As some of you who follow me on tumblr gathered, I went to a labor conference this week.  Actually, it was a labor/women's rights convention hosted by a 40-year-old labor/women's right's organization, of which I am a fairly new member.  

It was interesting.  While the individual people I met there were friendly and helpful and some were inspiring, I got a front-view seat to two of the major, major problems facing any person or group trying to advance workers' rights or women's rights these days.

1) Church Ladies are not down with the LGBTQ people

Many articles have already been written about the difficulty in framing queer issues like marriage equality as civil rights issues in the African-American community.  Many organized labor groups, particularly the ones without significant Latino or Asian-American involvement, still seem to be stuck on a "Dr. King" picture of what civil rights is about.  Now, the national AFL-CIO leadership is definitely making a point to be inclusive what with Pride@Work and President Trumka giving a specific shout-out to LGBTQ members in the presentation he recorded for our convention.  Gay rights is on the agenda nationally.  But at the grassroots level, the support from local and state leadership is most definitely mixed, and the senior generation of African-American community leaders tends to be unapologetically against "perverts and dykes."  For many of them, it's a church thing.  You can't just sway these women to the view that dykes are sisters too by informing them that their pastor is full of shit on this issue(*).  Church is their life.  Many of them are missionaries. Some of them are the pastors and reverend ministers of their congregations.  And so when a labor conference brings in a young, energetic, proudly lesbian speaker like our convention this week did, it breaks open a fissure in the ranks.  Basically, just as my local union has a senior leadership of sexist, racist, good-ol-boys who need to retire and get out of the damn way, there are other venerable rights groups out there who are about thirty years behind the times in what "rights" are about and ain't gonna embrace change until the church ladies go to their non-existent sky mansions.
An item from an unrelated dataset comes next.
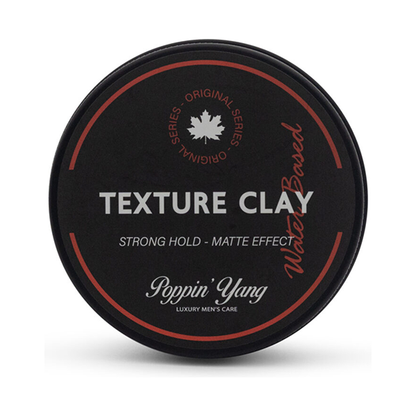 Texture Clay 108gr με έλαιο πλάτανου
2) Church Ladies are hypocrites


One of the resolutions passed yesterday was a condemnation of good ol' Walmart for their abysmal record of discrimination against female workers coupled with a commitment to aid the organizations that are fighting Walmart.  Not less than three hours later, as I was coming back from lunch, I witnessed a stream of elderly women walking from the Walmart across the street back to the casino complex where our convention was held, all of them encumbered by Walmart bags.  Every one of these fine ladies was a proud "labor sister" from our conference, and every single one that I witnessed personally was African-American.  I'm sure some of the white women there were equally hypocritical (this turned out to be far from the only occurrence of Walmart shopping among our conference goers), but given how women of color get a double whammy of discrimination in the workplace (which was, you know, discussed on the week's agenda), the idea that all these women would vote "aye" on an anti-Walmart resolution and then turn around and organize a Walmart shopping expedition is just mind-boggling.  You can't chalk this up to ignorance.  It's not like some of my friends who happily enjoy Red Lobster and Olive Garden because they don't know about the Darden Group and the class-action lawsuit against it (I was able to get Red Lobster trip nixed during the course of the convention by speaking out on this).  This is fricking Walmart.  The resolution was smack in the convention literature that every participant received.  The resolution was approved unanimously that very morning.  Maybe their lord will forgive these transgressions but I sure won't.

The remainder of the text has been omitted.